When you say something is uniform, it is unanimous and consistent. A unified whole. Work uniform is the term given to personalised work clothing worn by members of an organisation, during when these members conduct the activities of said organisation.
Also known as workwear, work uniform or, in the case of custom printing, personalised workwear. This greatly depends on many varying factors, such as: type of industry, number of employees, and country — among other things.
This can give your business extra points for customisation and uniqueness, with little to no effort. Or for a fancier vibe you could embroider your very own logo onto useful caps or masks. Rather, you wouldn’t personally take a needle and thread, mind! We would sort that all out for you, easy as pie! There is no rule or limit.
Should You Consider a Work Uniform?
The implementation of a work uniform, as with everything else in life, has its advantages and disadvantages. Some people find them to be professional, while others think they leave no room for self-expression.
Ultimately, the decision to implement workwear lies with each head of company. If you’re interested in adopting a uniform policy, then I invite you to keep reading for more information on why customizing a workwear is so appealing.
But! Big tip: this is a long one. Perhaps you might prefer to download this as a PDF to save it for later. Up to you really!
Does My Business Need Branded Corporate Uniforms?
Some businesses absolutely need a uniform — while others, not so much. In fact, there are some that would find it counterproductive. However, if your company falls into any of the following categories, then you most likely need or already have standardised corporate uniforms.
Delivery or At-Home Services Work Uniform
If going to customers’ homes is part of the profession, then some type of branded attire is an absolute must. Seeing a brand at the door is like seeing a sheriff’s badge, it immediately builds trust in the customer that the stranger upon their threshold is a professional and not a thief. Sure, a qualification certificate will do the trick, but a work uniform will provide immediate confirmation as to the trustworthiness of the door dweller.

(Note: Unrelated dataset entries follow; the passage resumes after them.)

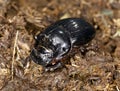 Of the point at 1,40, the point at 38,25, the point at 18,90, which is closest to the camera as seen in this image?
the point at 18,90

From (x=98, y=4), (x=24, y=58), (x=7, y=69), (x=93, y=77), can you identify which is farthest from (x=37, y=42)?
(x=98, y=4)

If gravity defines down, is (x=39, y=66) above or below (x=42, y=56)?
below

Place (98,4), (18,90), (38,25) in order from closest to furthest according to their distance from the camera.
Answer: (18,90) → (38,25) → (98,4)

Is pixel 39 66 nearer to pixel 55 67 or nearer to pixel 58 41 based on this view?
pixel 55 67

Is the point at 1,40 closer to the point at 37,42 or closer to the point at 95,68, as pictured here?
the point at 37,42

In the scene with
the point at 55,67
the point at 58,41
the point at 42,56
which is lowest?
the point at 55,67

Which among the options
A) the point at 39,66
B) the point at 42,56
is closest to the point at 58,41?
the point at 42,56

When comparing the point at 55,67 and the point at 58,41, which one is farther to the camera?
the point at 58,41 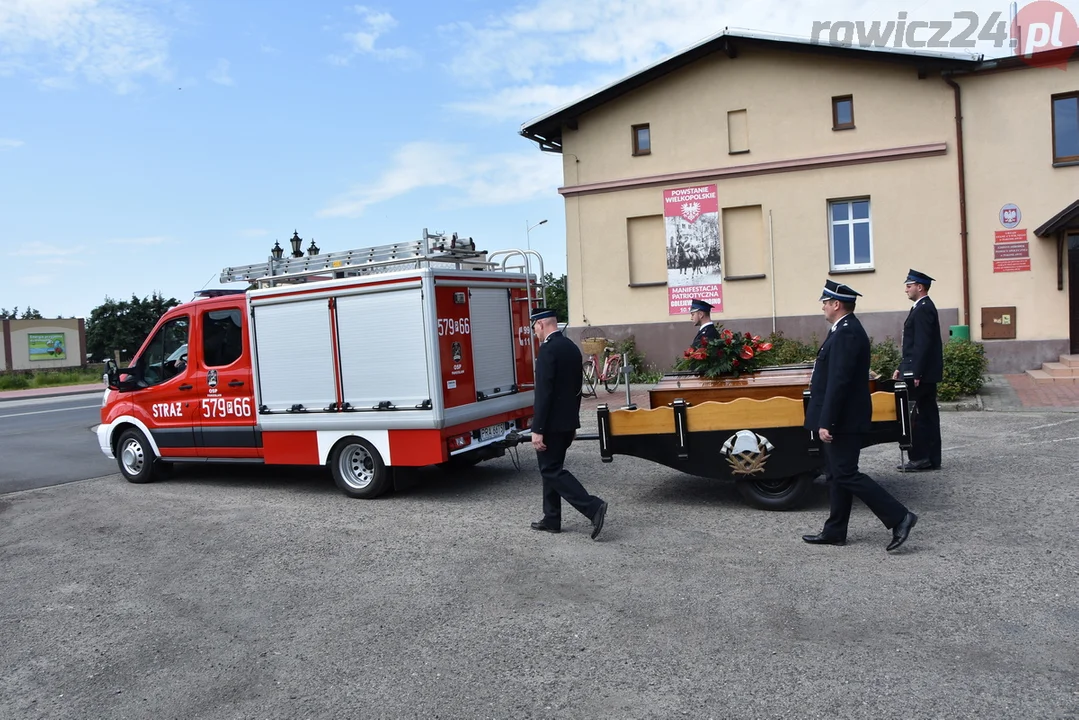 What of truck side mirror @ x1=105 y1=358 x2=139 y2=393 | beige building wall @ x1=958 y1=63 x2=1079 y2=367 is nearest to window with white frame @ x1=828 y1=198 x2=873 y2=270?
beige building wall @ x1=958 y1=63 x2=1079 y2=367

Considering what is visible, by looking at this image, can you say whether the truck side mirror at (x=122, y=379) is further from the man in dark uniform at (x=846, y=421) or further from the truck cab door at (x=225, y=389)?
the man in dark uniform at (x=846, y=421)

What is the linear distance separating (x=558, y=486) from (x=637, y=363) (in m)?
13.4

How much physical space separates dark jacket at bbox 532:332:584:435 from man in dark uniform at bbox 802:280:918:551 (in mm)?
1866

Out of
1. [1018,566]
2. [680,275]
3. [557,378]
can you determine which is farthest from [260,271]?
[680,275]

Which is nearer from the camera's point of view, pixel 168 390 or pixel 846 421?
pixel 846 421

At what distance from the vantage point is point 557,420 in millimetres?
6801

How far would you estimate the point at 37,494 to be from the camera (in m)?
10.2

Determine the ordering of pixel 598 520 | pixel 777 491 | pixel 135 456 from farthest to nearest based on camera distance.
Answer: pixel 135 456 < pixel 777 491 < pixel 598 520

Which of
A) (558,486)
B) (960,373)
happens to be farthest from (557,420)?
(960,373)

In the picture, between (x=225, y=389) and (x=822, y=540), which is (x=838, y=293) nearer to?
(x=822, y=540)

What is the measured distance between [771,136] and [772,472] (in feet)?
43.9

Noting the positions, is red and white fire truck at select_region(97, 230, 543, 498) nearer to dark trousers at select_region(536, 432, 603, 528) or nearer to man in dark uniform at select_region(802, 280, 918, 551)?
dark trousers at select_region(536, 432, 603, 528)

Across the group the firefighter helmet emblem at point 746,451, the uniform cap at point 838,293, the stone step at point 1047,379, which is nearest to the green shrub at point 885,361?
the stone step at point 1047,379

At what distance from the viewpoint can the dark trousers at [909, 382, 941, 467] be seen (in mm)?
8633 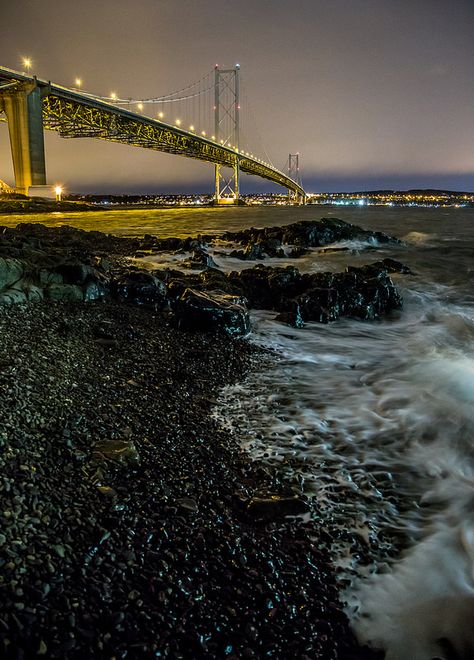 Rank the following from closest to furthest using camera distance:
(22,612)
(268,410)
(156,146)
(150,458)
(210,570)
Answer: (22,612), (210,570), (150,458), (268,410), (156,146)

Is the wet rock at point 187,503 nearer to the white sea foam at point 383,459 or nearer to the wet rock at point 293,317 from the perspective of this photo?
the white sea foam at point 383,459

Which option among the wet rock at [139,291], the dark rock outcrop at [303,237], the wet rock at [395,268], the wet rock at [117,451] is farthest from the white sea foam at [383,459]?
the dark rock outcrop at [303,237]

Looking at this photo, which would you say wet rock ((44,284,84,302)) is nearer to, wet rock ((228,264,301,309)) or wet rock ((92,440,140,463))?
wet rock ((228,264,301,309))

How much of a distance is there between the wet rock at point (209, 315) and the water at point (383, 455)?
27cm

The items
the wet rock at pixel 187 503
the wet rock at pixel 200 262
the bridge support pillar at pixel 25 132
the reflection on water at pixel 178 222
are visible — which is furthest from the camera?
the bridge support pillar at pixel 25 132

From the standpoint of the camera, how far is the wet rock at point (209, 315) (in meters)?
3.93

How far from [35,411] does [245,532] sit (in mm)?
1200

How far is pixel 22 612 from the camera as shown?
46.1 inches

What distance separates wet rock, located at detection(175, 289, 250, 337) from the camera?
3934mm

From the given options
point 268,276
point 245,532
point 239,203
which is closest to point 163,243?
point 268,276

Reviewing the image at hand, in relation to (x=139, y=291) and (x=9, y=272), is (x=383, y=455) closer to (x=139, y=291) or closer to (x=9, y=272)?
(x=139, y=291)

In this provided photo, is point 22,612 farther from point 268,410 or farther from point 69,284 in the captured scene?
point 69,284

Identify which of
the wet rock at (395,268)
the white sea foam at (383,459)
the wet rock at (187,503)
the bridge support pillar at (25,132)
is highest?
the bridge support pillar at (25,132)

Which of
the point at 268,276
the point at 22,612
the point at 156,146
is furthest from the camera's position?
the point at 156,146
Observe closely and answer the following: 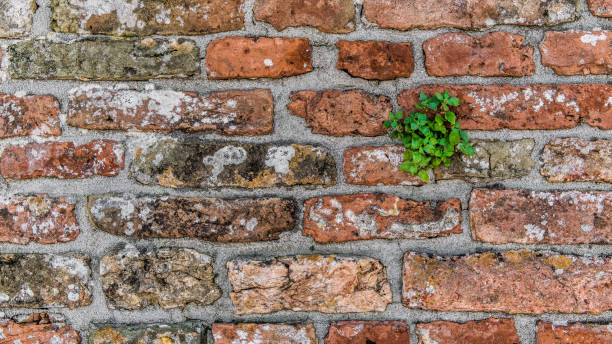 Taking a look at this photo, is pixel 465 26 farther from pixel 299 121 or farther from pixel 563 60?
pixel 299 121

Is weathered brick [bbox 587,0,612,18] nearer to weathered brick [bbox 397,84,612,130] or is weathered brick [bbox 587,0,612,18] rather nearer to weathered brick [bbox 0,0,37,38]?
weathered brick [bbox 397,84,612,130]

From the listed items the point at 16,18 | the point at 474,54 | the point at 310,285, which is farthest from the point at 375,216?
the point at 16,18

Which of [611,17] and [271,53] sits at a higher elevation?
[611,17]

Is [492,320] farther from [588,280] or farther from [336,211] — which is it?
[336,211]

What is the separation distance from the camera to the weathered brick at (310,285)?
95 cm

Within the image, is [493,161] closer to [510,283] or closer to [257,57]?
[510,283]

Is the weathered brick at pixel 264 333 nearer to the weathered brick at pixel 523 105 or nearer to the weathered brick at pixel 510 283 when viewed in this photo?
the weathered brick at pixel 510 283

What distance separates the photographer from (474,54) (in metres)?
0.96

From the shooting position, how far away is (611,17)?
3.19ft

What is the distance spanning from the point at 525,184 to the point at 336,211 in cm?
46

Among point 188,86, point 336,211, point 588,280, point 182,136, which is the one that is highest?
point 188,86

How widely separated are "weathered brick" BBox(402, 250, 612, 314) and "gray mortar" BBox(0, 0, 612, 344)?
0.02 metres

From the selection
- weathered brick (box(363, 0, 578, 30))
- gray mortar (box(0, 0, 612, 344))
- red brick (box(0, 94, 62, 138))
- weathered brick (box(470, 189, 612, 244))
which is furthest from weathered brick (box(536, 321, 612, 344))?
red brick (box(0, 94, 62, 138))

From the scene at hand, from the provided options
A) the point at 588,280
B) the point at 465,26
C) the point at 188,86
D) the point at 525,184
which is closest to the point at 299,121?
the point at 188,86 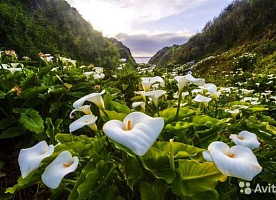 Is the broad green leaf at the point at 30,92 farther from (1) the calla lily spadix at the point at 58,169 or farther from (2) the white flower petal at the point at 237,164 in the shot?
(2) the white flower petal at the point at 237,164

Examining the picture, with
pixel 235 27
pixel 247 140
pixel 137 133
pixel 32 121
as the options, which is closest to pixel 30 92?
pixel 32 121

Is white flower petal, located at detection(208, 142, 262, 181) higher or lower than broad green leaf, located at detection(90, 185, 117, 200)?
higher

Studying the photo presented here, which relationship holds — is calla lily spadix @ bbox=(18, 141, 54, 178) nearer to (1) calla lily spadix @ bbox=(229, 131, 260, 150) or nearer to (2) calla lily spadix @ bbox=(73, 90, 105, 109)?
(2) calla lily spadix @ bbox=(73, 90, 105, 109)

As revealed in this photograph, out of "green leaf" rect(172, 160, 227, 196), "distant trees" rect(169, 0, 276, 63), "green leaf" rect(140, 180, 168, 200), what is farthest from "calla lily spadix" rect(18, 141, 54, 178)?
"distant trees" rect(169, 0, 276, 63)

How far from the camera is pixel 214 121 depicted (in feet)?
4.55

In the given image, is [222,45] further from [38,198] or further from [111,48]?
[38,198]

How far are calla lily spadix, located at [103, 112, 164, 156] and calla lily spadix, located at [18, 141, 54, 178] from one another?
28 centimetres

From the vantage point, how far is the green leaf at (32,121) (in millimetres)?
1817

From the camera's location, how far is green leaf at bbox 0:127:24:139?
1.98 metres

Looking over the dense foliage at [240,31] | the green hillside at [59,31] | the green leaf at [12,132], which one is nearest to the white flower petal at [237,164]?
the green leaf at [12,132]

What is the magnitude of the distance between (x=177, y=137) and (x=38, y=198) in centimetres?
104

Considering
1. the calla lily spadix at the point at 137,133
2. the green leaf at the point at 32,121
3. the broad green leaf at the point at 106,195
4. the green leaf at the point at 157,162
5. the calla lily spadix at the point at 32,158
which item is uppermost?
the calla lily spadix at the point at 137,133

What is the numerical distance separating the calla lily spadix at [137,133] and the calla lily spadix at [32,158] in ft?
0.91

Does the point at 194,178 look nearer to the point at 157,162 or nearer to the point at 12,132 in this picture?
the point at 157,162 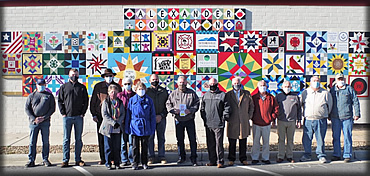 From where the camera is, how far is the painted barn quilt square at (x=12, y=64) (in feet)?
42.0

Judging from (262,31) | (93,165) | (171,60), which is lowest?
(93,165)

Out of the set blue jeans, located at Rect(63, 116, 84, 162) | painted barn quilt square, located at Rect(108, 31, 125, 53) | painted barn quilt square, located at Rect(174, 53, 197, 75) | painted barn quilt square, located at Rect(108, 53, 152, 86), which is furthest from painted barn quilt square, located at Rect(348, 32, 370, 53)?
blue jeans, located at Rect(63, 116, 84, 162)

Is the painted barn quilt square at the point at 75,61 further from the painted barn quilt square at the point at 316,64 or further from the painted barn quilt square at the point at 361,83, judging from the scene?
the painted barn quilt square at the point at 361,83

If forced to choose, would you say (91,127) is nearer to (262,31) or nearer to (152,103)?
(152,103)

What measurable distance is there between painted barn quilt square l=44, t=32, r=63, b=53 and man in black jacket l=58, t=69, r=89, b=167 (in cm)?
457

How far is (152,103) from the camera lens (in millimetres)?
8328

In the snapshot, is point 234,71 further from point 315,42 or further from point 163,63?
point 315,42

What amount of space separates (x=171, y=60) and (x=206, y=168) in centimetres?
523

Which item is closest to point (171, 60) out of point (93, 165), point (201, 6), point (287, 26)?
point (201, 6)

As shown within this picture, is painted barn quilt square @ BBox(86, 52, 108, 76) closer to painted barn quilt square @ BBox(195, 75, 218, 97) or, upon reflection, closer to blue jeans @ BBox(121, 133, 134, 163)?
painted barn quilt square @ BBox(195, 75, 218, 97)

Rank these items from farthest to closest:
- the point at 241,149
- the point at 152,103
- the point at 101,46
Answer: the point at 101,46 → the point at 241,149 → the point at 152,103

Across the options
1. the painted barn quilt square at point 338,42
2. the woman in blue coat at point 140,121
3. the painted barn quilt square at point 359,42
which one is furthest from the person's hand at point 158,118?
the painted barn quilt square at point 359,42

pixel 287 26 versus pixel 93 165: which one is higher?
pixel 287 26

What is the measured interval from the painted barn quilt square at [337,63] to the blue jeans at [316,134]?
4.39 meters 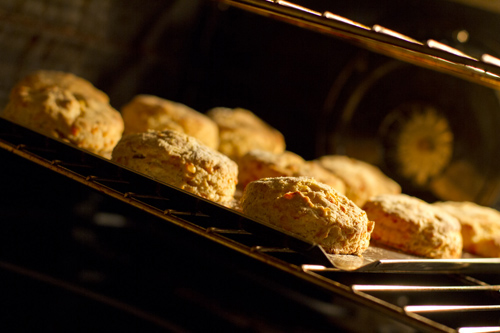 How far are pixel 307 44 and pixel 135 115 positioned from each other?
1.62 metres

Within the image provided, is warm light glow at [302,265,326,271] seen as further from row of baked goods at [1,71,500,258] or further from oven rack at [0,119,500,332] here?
row of baked goods at [1,71,500,258]

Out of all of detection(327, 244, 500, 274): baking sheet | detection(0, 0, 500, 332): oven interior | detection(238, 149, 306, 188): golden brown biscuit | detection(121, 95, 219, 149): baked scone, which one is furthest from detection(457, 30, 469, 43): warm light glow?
detection(327, 244, 500, 274): baking sheet

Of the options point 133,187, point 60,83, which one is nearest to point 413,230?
point 133,187

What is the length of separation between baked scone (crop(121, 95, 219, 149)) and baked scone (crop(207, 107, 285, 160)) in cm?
18

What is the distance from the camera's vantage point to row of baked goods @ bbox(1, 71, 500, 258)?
47.9 inches

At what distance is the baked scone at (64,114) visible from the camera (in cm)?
154

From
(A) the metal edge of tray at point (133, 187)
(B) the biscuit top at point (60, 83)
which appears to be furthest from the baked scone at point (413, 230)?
(B) the biscuit top at point (60, 83)

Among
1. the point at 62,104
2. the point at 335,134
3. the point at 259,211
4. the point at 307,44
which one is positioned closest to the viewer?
the point at 259,211

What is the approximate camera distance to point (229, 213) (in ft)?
3.42

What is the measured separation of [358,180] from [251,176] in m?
0.50

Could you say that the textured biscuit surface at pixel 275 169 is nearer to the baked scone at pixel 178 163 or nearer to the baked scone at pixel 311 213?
the baked scone at pixel 178 163

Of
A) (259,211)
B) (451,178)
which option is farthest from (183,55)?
(259,211)

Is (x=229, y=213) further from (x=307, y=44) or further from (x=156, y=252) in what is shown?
(x=307, y=44)

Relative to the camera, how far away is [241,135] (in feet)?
7.32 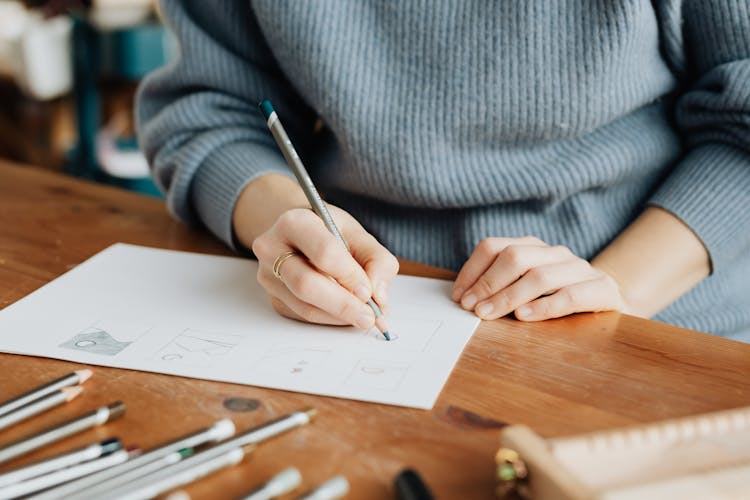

Health Industry Work Uniform
Everyone finds doctors and nurses sexy. Health is sexy too. Workwear in the health industry guarantees sanitation for the patient and comfort for the employee. Uniforms in hospitals also tend to be colour coded, allowing for organisation and to simplify identification during an emergency. The codes change depending on where you are, but surgeons tend to wear green scrubs in clinics and hospitals. Other types of industries that may not be directly related to health, but require high levels of hygiene like spas and gyms, also benefit from having personalised polo shirts.
Food Industry Work Uniform
Although today’s kitchens are filled with all kinds of work uniforms and colours, the most popular one tends to be a simple white outfit with an apron. A clean white uniform assures clients that the chef is clean and, therefore, so too is the restaurant. White garments also absorb less heat than other colours, keeping the staff fresh as they work tirelessly by the constantly lit fires!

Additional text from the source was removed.